I have tried get_shape().as_list()
and 'tf.shape' but I don't get the shape in runtime. For the temporal dimension, I always get None. But, as I am planning to add a custom layer which needs to know the temporal dimension too, I am getting errors for dimension mismatch.
_, (texts, mels, mags, fnames) = tf.contrib.training.bucket_by_sequence_length(
input_length=text_length,
tensors=[text, mel, mag, fname],
batch_size=hp.B,
bucket_boundaries=[i for i in range(minlen + 1, maxlen - 1, 20)],
num_threads=1,
capacity=hp.B,
dynamic_pad=True)
Each time I get batch size, for the tensors I get the following shape with get_shape().as_list()
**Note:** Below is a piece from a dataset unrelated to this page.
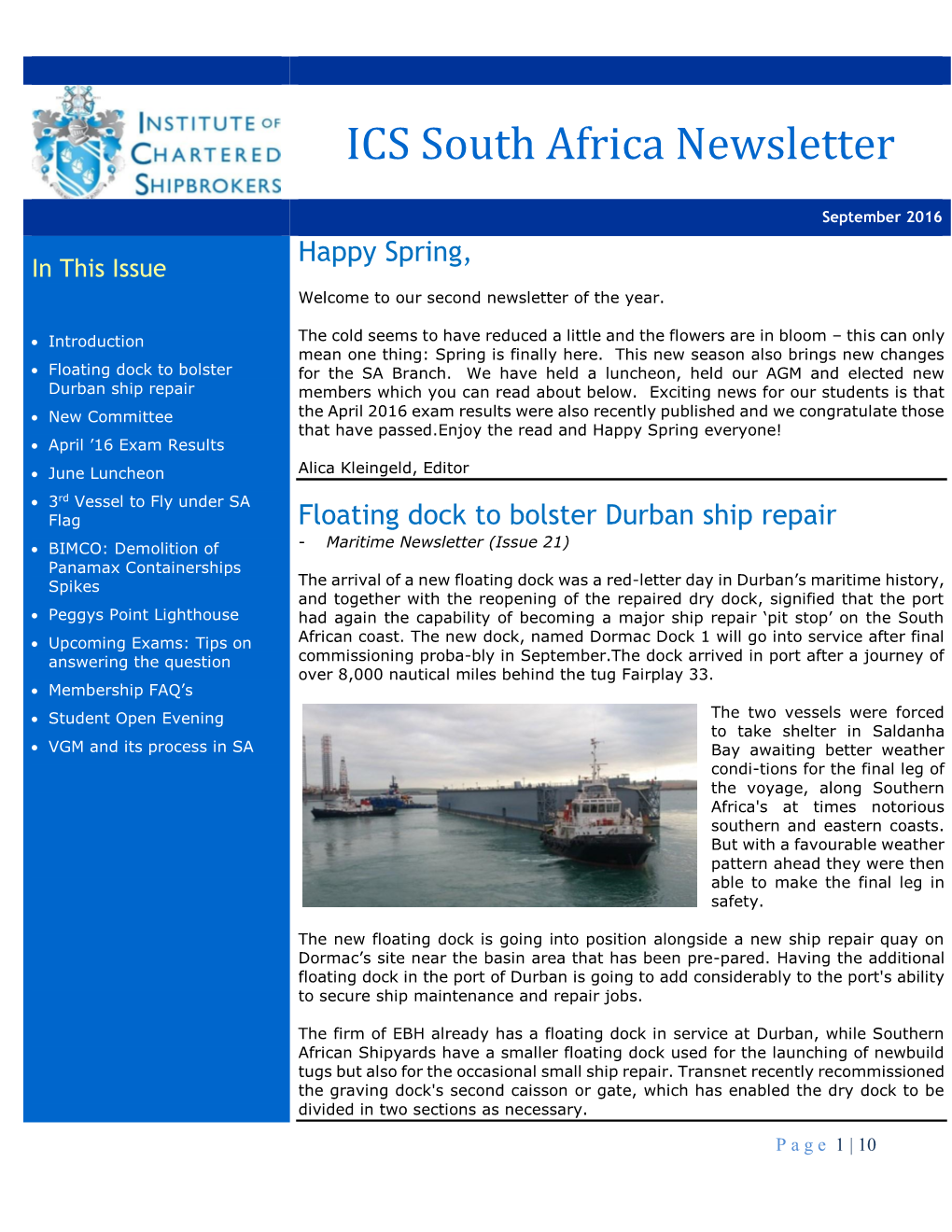 ICS South Africa Newsletter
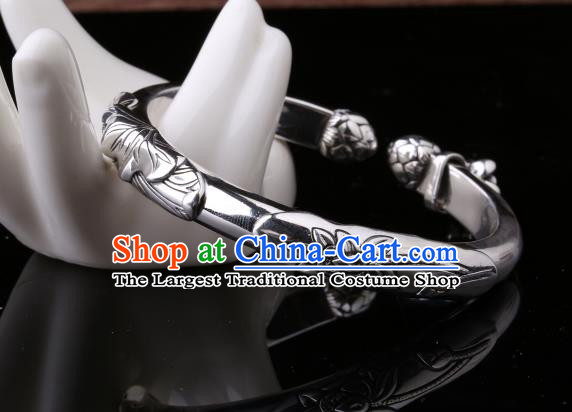 Handmade Chinese Silver Bangle Jewelry Traditional National Carving Lotus Bracelet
(10, None, 156) Here, mel, mag are two tensors with unknown temporal dimension (depends on the audio file length).
Here, 10 is the batch size, and 156 is the feature size. I also need the exact temporal dimension where I get None
.
tf.shape
returns Tensor("Text2Mel/AudioEnc/strided_slice:0", shape=(), dtype=int32) I don't get anything useful from this too.
How can I infer the exact shape at runtime?
Actual Source which I have modified: https://github.com/Kyubyong/dc_tts/blob/master/data_load.py
Upvotes: 0
Views: 399
Reputation: 1538
I can see that you are using an older version of TensorFlow. The API has since moved to tf.data.experimental
. If you use the tf.data.Dataset
API then you can use the following code to get the size of the tensor.
def _element_length_fn(x, y=None):
return array_ops.shape(x)[0]
Upvotes: 1